The Coalition’s economic argument doesn’t wash with local businessman Abby, either. He says that “with any change, you get new industries. You get employment. I just don’t buy what the Liberals are saying”.

Echoing a sentiment expressed by Shorten on Q & A on May 7, Baillie says that “they (the Coalition) don’t seem to understand that there’s a cost of doing nothing”.

The cost of inaction was underlined by the entry into the debate this week of eminent economist Ross Garnaut, arguing that Australia has the opportunity to become “the superpower of the post-carbon world economy”.

After a campaign in which the cost of climate action has been a political football, Garnaut presented new work at the University of Melbourne arguing that Australia stood to profit enormously if it seized the initiative to push forward on renewables.

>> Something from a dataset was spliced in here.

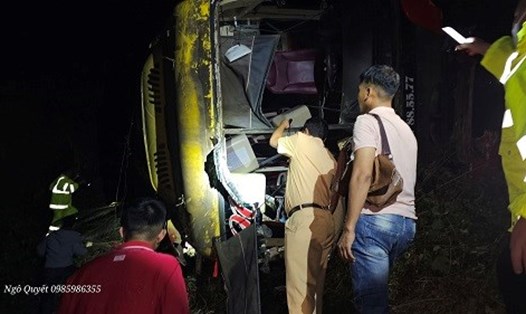 Cảnh sát khám nghiệm hiện trường vụ tai nạn giao thông ở Kon Tum Ảnh: Thanh Tuấn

Scientist Steffen has reservations about both the major party policies. Neither party has put a concrete end date on coal and coal exports in Australia.He says that even Labor’s reductions target is “very conservative.

“We could do at least 60% or 70% renewables by 2030.”

In a Guardian Australia podcast, Labor’s climate spokesperson Mark Butler refused to give an end date when asked, instead saying that “over the first of the 2030s, you’ll see an acceleration of coal closures”.

In early April, the Coalition signed off on the final stage of construction approval for the Adani coal mine, and in March, they announced a $10 million feasibility study to explore the prospect of reopening the defunct Collinsville coal-fired power station in Queensland.

However it would appear that the prevailing winds are against them. A Vote Compass survey released yesterday, the largest ever polling public opinion on the Adani mine, has found that 61% of Australians either strongly or somewhat disagreed with the mine being built.

Without a commitment by the next government to ending coal, Steffen says that getting Australia’s emissions under control will be impossible, no matter the result at the ballot box.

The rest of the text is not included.